If $\displaystyle \sum_{n=0}^{\infty}c_{n}x^{n}=0$, show that $c_n= 0$ for any $n$ Suppose that $f(x)=\displaystyle\sum_{n=0}^{\infty}c_{n}x^{n}$ for all $x$ with the radius of convergence $R>0$. If $\displaystyle\sum_{n=0}^{\infty}c_{n}x^{n}=0$, show that $c_n=0$ for any $n$. 
 A: Hint $c_n=f^{(n)}(0)/n!$ ${}{}{}{}{}{}{}{}{}{}{}{}$
A: Hint: It can be proved by induction on $n$. First, $c_0=f(0)=0$. Then $g(x):=\frac{f(x)}{x}= \sum\limits_{n=1}^{+ \infty} c_nx^{n-1}$, hence $g(0)=c_1=0$, etc.
A: Neither differentiability considerations nor a proof by induction are necessary.

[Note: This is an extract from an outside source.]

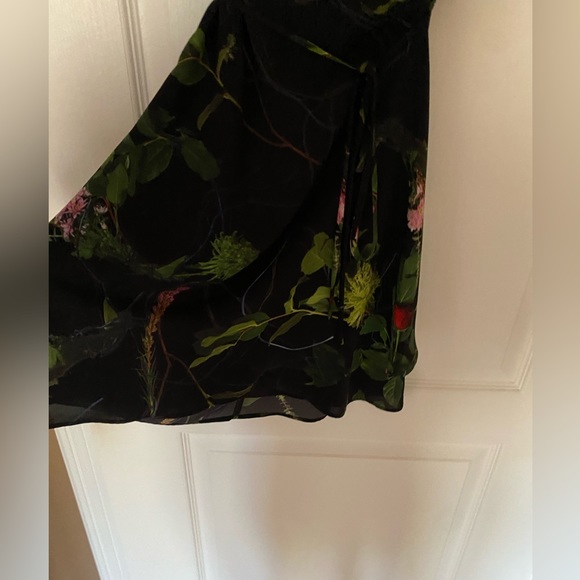 Babaton Floral Wrap Dress - Picture 5 of 8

Instead, assume that some $c_n$ are not zero, then consider $N=\inf\{n\mid c_n\ne0\}$ and note that $f(x)\sim c_Nx^N$ when $x\to0$ (in the sense that $f(x)/x^N\to c_N$ when $x\to0$).

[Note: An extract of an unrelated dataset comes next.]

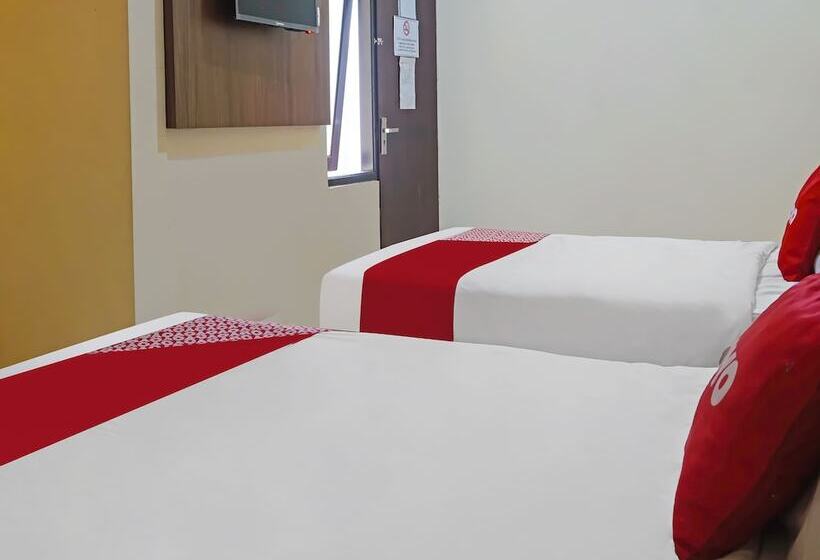 غرفة ديلوكس, Semampir Residence By Oyo Rooms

In particular there exists some positive $\varepsilon$ such that $f(x)\ne0$ for every $x\ne0$ such that $|x|\lt\varepsilon$. This contradicts the hypothesis hence $c_n=0$ for every $n$.

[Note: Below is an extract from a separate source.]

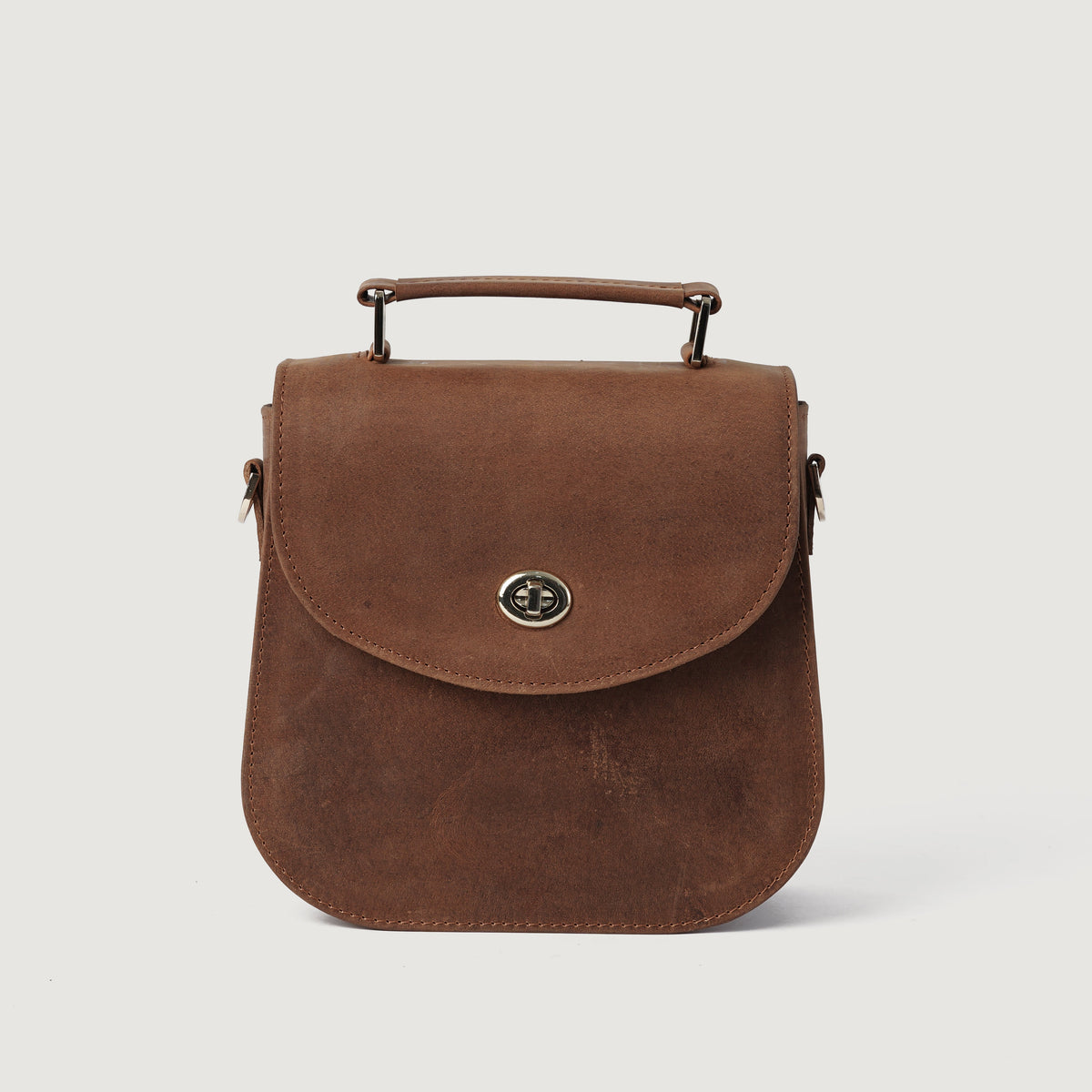 
The Sandra Vintage タン Leather Saddle Bag For Women - マチの奥行きと拡張容量を示す立体的なサイドプロファイル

A: This is essentially the same answer as the others, this just makes a connection with the derivative.
$f(0) = c_0 = 0$.
Inside the radius of convergence, the function is smooth and $f'(x) = \sum_{n=1}^\infty n c_n x^{n-1}$. Since $f'(x) = 0$, we have $f'(0) = c_1 = 0$.
Continuing in this way, we have $f^{(k)}(x) = 0$ which gives $f^{(k)}(0) = k! c_k = 0$ from which we get $c_k = 0$.